Di dalam hadits lain yang diriwayatkan Bukhari dan Muslim, Rasulullah memerintahkan orang yang terpicu amarah untuk mengucapkan ta’awudz. A’udzubillahi mina asy-syaithani ar-rajim (aku berlindung kepada Allah dari setan yang terkutuk).

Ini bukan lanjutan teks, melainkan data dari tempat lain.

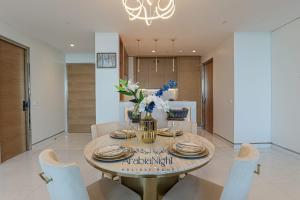 a dining room with a table and chairs at Arabian Nights - Oceanfront Luxurious Living at Atlantis The Royal in Dubai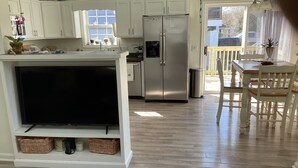 A modern kitchen with white cabinets, a stainless steel refrigerator, and a dining area with a wooden table and chairs. - Fun 3BR House in Rehoboth/Dewey Beach area (Rehoboth Beach)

Secara umum marah merupakan perbuatan tercela, terbakar nafsu, dan berasal dari setan. Hingga Rasulullah mengarahkan manusia untuk mengendalikannya. Di dalam hadits riwayat Bukhari dikisahkan bahwa seseorang pernah memohon kepada Nabi, “Berpesanlah kepadaku”. Nabi pun berpesan kepadanya, “Jangan marah”. Orang itu memohon berkali-kali, dan pesan Nabi selalu sama, “Jangan marah”.

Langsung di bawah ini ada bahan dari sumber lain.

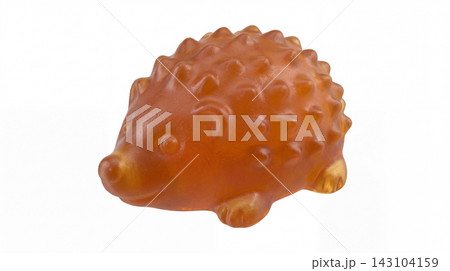 Translucent amber hedgehog gummy candy with hedgehog translucent isolated background confectionery individually delicious appetizing colorful decoration miniature playtime Translucent amber hedgehog gummy candy with hedgehog translucent isolated background confectionery individually delicious appetizing colorful decoration miniature playtime 143104159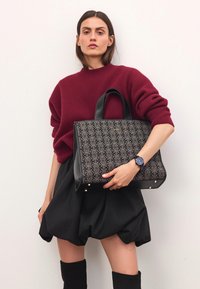 Sort mønstret tote bag med læderdetaljer, båret af en person iført en bordeaux sweater og en sort nederdel, mod en neutral baggrund.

Bahkan Allah berfirman, “(Yaitu) orang-orang yang mendermakan (hartanya), baik di waktu lapang maupun sempit, dan orang-orang yang menahan amarahnya dan memaafkan (kesalahan) orang. Allah menyukai orang-orang yang berbuat kebajikan” (Q.S. Ali Imran; 134).
Meski demikian, adapula marah yang terpuji, yaitu marah ketika aturan Allah dilanggar. Saat agamaNya yang mulia dilecehkan dan dinista. Rasulullah juga pernah marah untuk hal ini. Sebagaimana Bukhari yang meriwayatkan dari ‘Aisyah, “Ketika Rasulullah memerintahkan kepada kaum muslimin untuk melakukan amalan, yang sebenarnya bisa mereka lakukan, namun mereka berkilah, ‘Kami tidak sepertimu, wahai Rasulullah, karena Allah telah mengampuni dosamu yang dulu dan akan datang.’ Wajah Rasulullah langsung berubah karena marah dan berkata, ‘Orang yang paling bertakwa dan paling mengenal Allah adalah aku!”
Ada pula yang diriwayatkan Muslim dari Abdullah ibn Amru, “Suatu hari, pagi-pagi buta, aku menemui Rasulullah. Saat itu terdengar suara gaduh dua orang yang berselisih pendapat tentang sebuah ayat. Dengan wajah penuh kemarahan, Rasulullah menemui kami dan berkata, “Orang-orang sebelum kalian binasa karena memperselisihkan kitab mereka.”
Selain Rasulullah, Nabi Musa juga pernah marah kepada kaumnya. “Dan tatkala Musa telah kembali kepada kaumnya dengan marah dan sedih hati, berkatalah dia, ‘Alangkah buruknya perbuatan yang kalian kerjakan sesudah kepergianku” (Q.S. Al-A’raf; 150).
Maka sudah seharusnya kaum muslimin menjadi manusia kuat, dengan mengendalikan amarah yang bersifat tercela. Namun jika marahnya karena Allah dan dalam kebenaran, maka ia tidak tercela meski harus disertai etika/adab sesuai tuntunan syara’ saat menyampaikannya.